▸ **INFORMATION SUPPLIED**

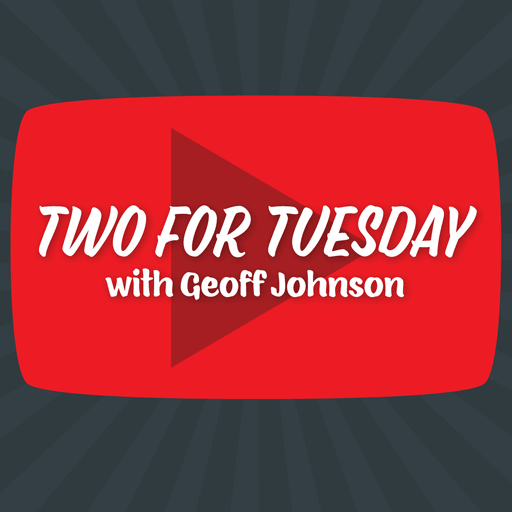 Two For Tuesday with Geoff Johnson Logo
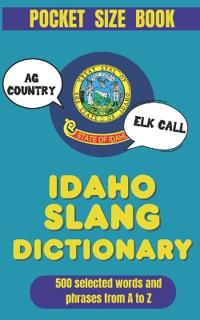 Idaho Slang Dictionary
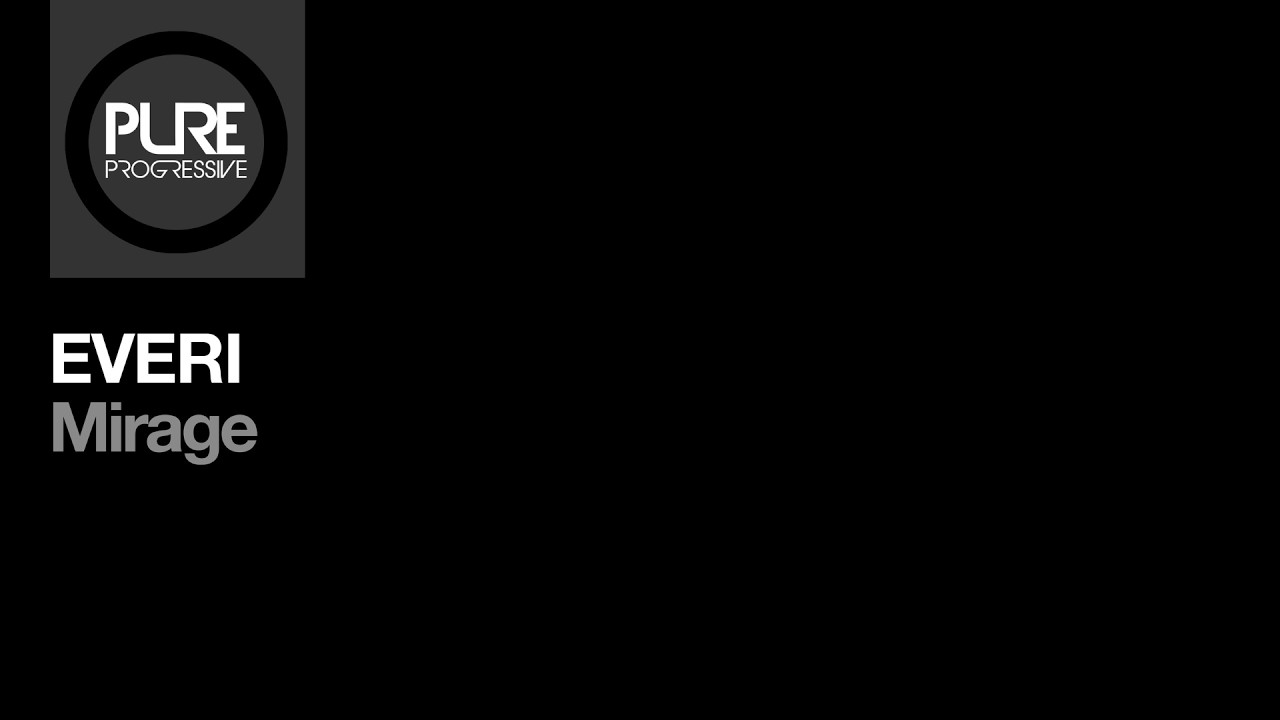 EVERI - Mirage [Pure Progressive]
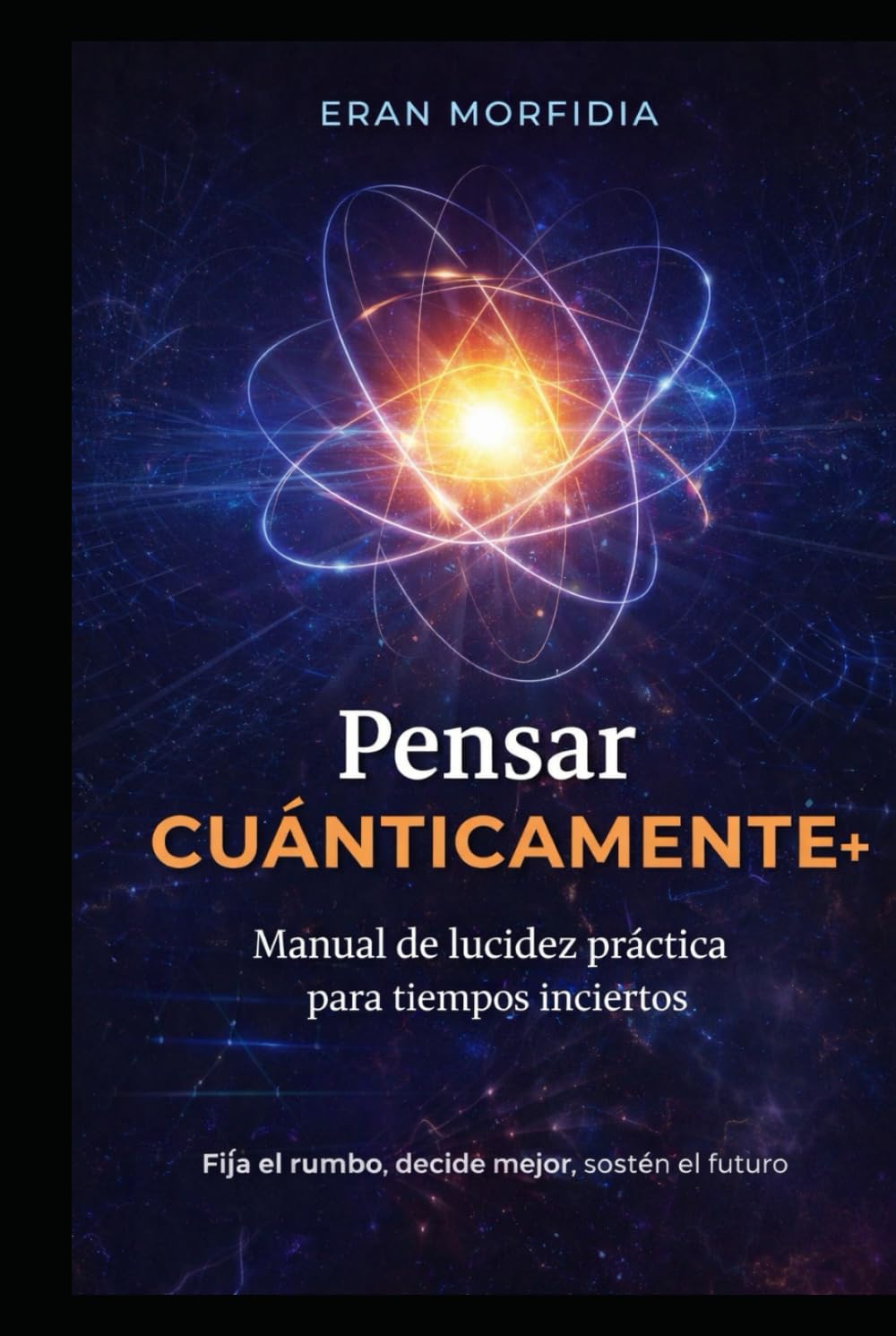 Pensar Cuánticamente: Un método práctico para entrenar la mente en probabilidades, posibilidades y decisiones de alto impacto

▸ **WORK TO BE COMPLETED**
The answer is to be the lines from the line that contains "EVERI - Mirage [Pure Progressive]" through the last line of the material, retyped exactly, both included, with pictures left out, please.

▸ **RESULT OF THIS TASK**
 EVERI - Mirage [Pure Progressive]
 Pensar Cuánticamente: Un método práctico para entrenar la mente en probabilidades, posibilidades y decisiones de alto impacto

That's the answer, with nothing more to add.